Fans of television – or more accurately, fans of television tropes are probably familiar with the concept of “The Berserk Button.”
The Berserk Button in a television show — or really anywhere in fiction — is whatever trigger one can trip or red flag one can wave in front of a character that will get them acting like a deranged madman or woman within mere moments of its mention.
Examples abound.
Take calling Marty McFly a chicken, suggesting Walt White should stop selling crystal meth, making fun of mailmen in front of Cliff from “Cheers,” underestimating the power of the dark side around Darth Vader — whether it’s played for laughs or drama is a matter of degree. But the idea is always the same — a normal or at least reasonably well-controlled character, whenever triggered by whatever it is, immediately flips into irrational and belligerent mode.
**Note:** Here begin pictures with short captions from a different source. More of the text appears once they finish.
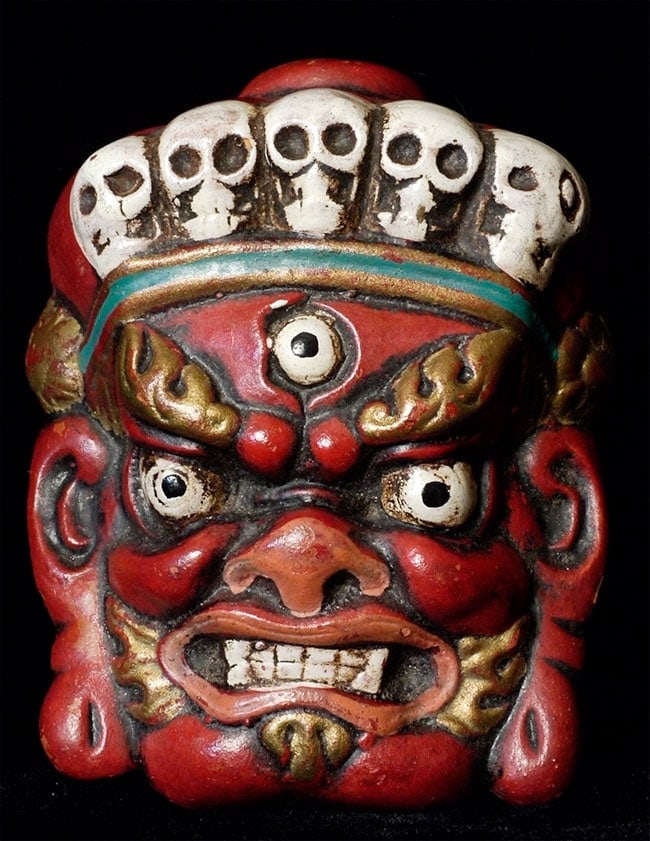 Powerful old polychrome terracotta Mahakala from Mongolia.: Powerful old polychrome terracotta Mahakala from Mongolia. Probably hung on the wall facing the door to protect the home. Sits 3 3/8 inches tall by 2.25 inches wide.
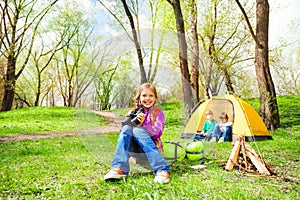 Positive girl with red backpack and binocular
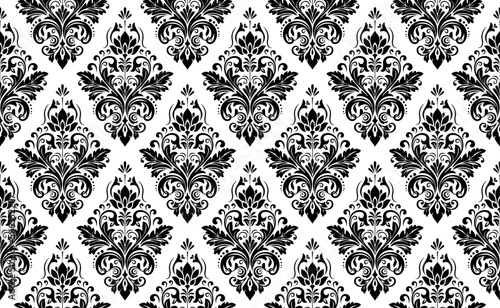 Wallpaper in the style of Baroque. Seamless vector background. White and black floral ornament. Graphic pattern for fabric, wallpaper, packaging. Ornate Damask flower ornament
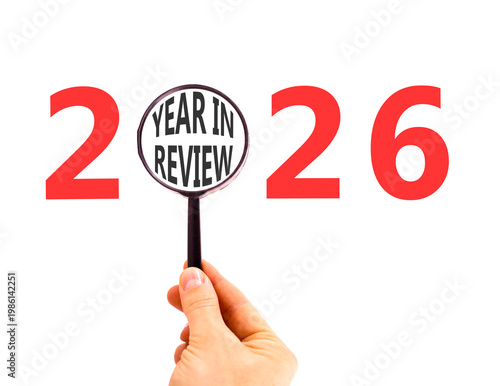 2026 year in review symbol. Concept words 2026 year in review in beautiful magnifying glass. Beautiful white background. Businessman's hand. Business 2026 year in review concept. Copy space.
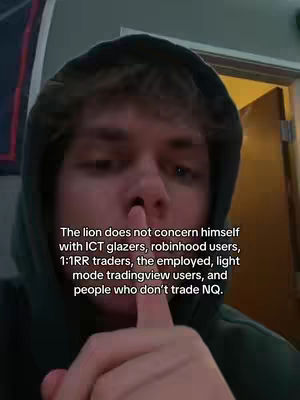 A young man with light brown hair and a green hoodie is shown in a selfie-style shot. The image is framed from the chest up, prominently focusing on the face of the individual. The background is slightly blurred, suggesting an indoor setting. The man has his index finger pressed against his lips in a gesture of silence. The image is well-lit, and the color tones are neutral. Text is overlaid, in a white font, describing the statement about the lion.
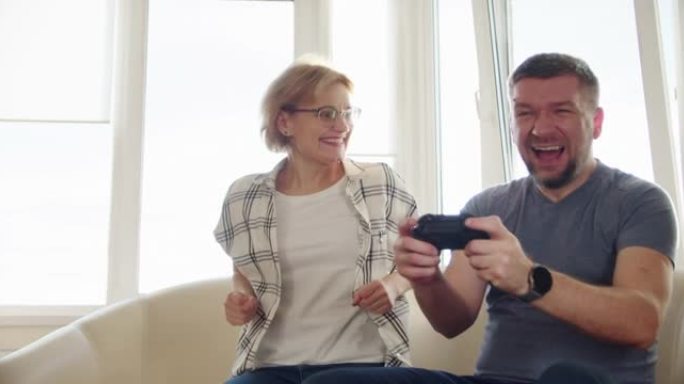幸福的夫妻坐在沙发上玩电子游戏，在恋爱中使用控制器一起玩在线电子游戏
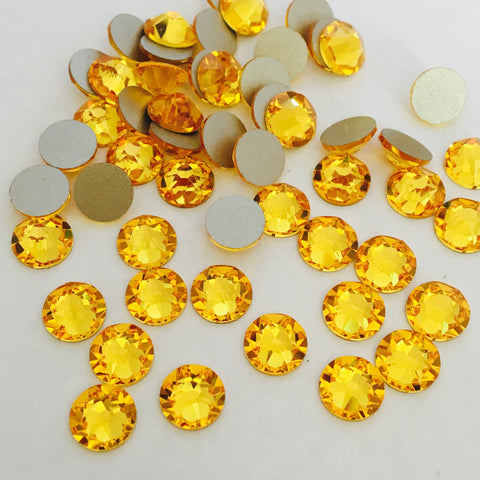 real photo from above of glue on XIRIUS Rose crystals in Sunflower colour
We sometimes tend to forget that art imitates life and that reality is impressively chock-full of such buttons.
They tend to play out less colorfully than they do in fiction, but unfortunately with much more concrete and sometimes worrisome consequences.
Which brings us to payday lending and its proposed regulation – a subject that has turned out to be the Berserk Button for a shocking number of consumer right advocates, congressmen, regulators, Senators, preachers, industry representatives business people and consumers.
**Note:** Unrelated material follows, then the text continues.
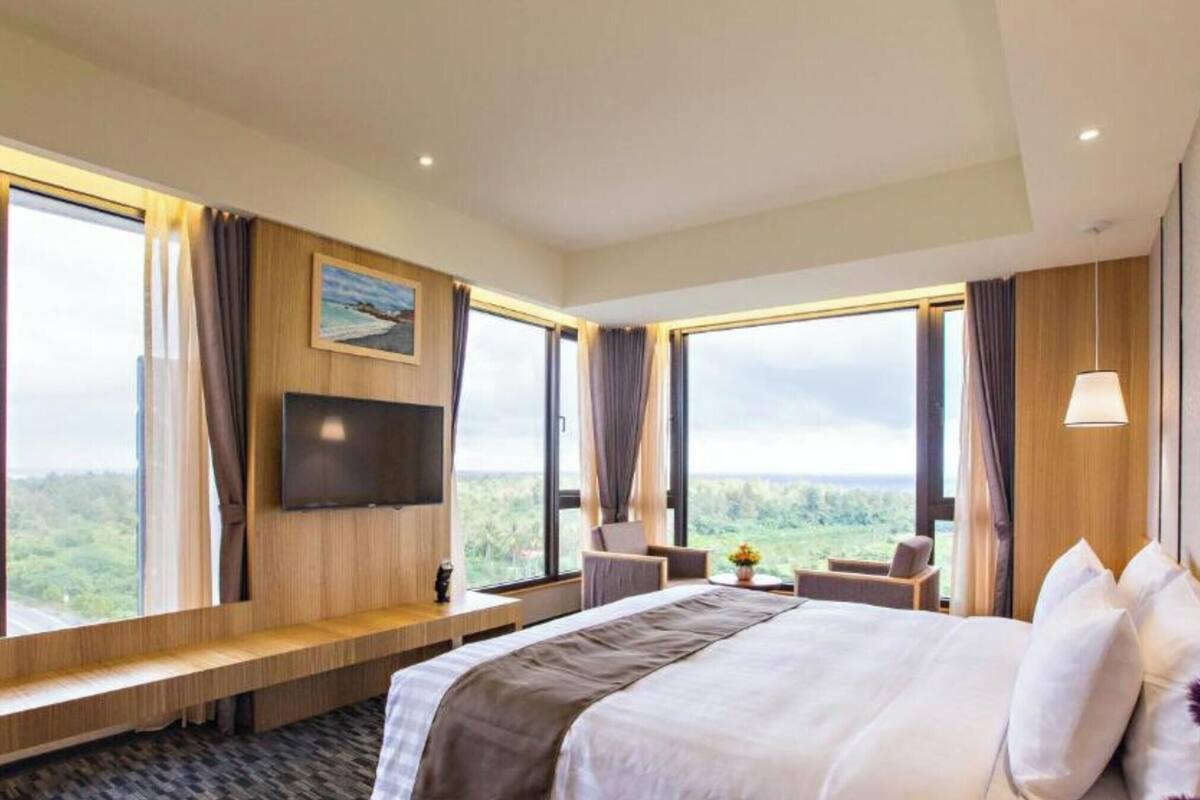 Habitació d'hotel amb un llit gran, televisió, zona de seients i finestrals que ofereixen vista a l'exterior.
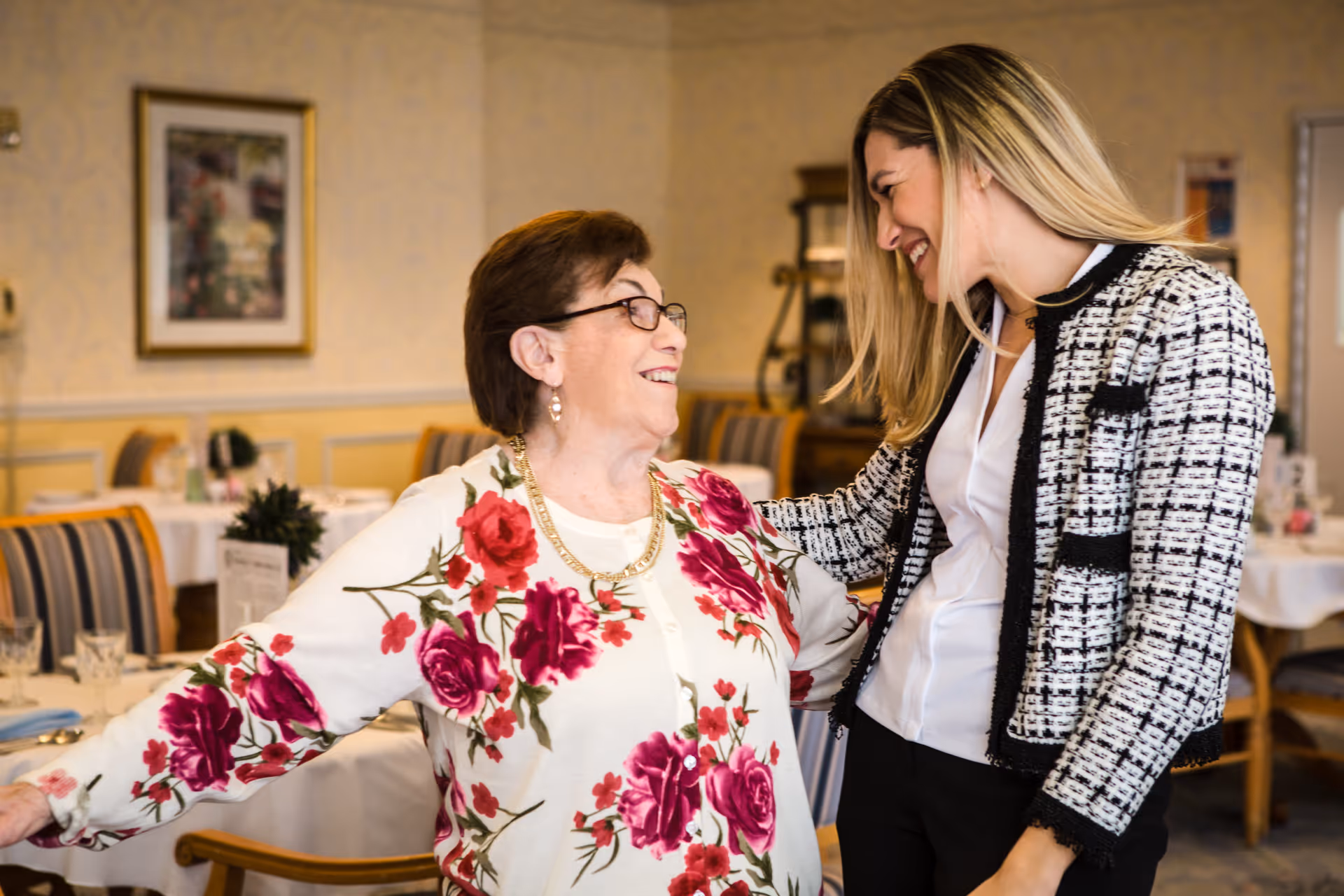 An elderly woman wearing glasses and a floral sweater smiling and interacting warmly with a younger woman in a checkered jacket inside a dining room with tables and chairs in the background.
So far, 2016 – a year that is only 16 weeks old – has seen such a staggering amount of drama that it’s hard to recap without sounding like we’re exaggerating. There’s been name calling, insinuations of Biblical proportions of evil, double-crosses, triple-crosses, think-pieces, counter-think pieces and a pile of sturm and drang – unfolding in almost reliable weekly installment – as the CFPB is prepping to drop its big spring release: New Regulations For The PayDay Lending Industry.
So why all the fuss?
And that is where things get complicated, and buttons are getting pushed. Payday lending, lending in specific — and short-term lending in general — is a much discussed topic that is in many ways not well understood. Who borrows, who lends and what the alternatives to the system in place now really are remain questions that are more often argued about than explained, which has led to some strange ideas on the topic.
PYMNTS want to help and cut through some of that clutter in the week before the new regulations drop, with data upfronts on the areas that are most frequently and easily misunderstood.
Subjects like:
Who Is The Typical Payday Loan Borrower?
As PYMNTS has pointed before, the typical narrative about the sort of borrower who taps into a short-term loan is consistently off the mark. The headlines and narratives on the topic, however, tend to focus on low-income borrowers that exist unbanked on the edges of the financial mainstream.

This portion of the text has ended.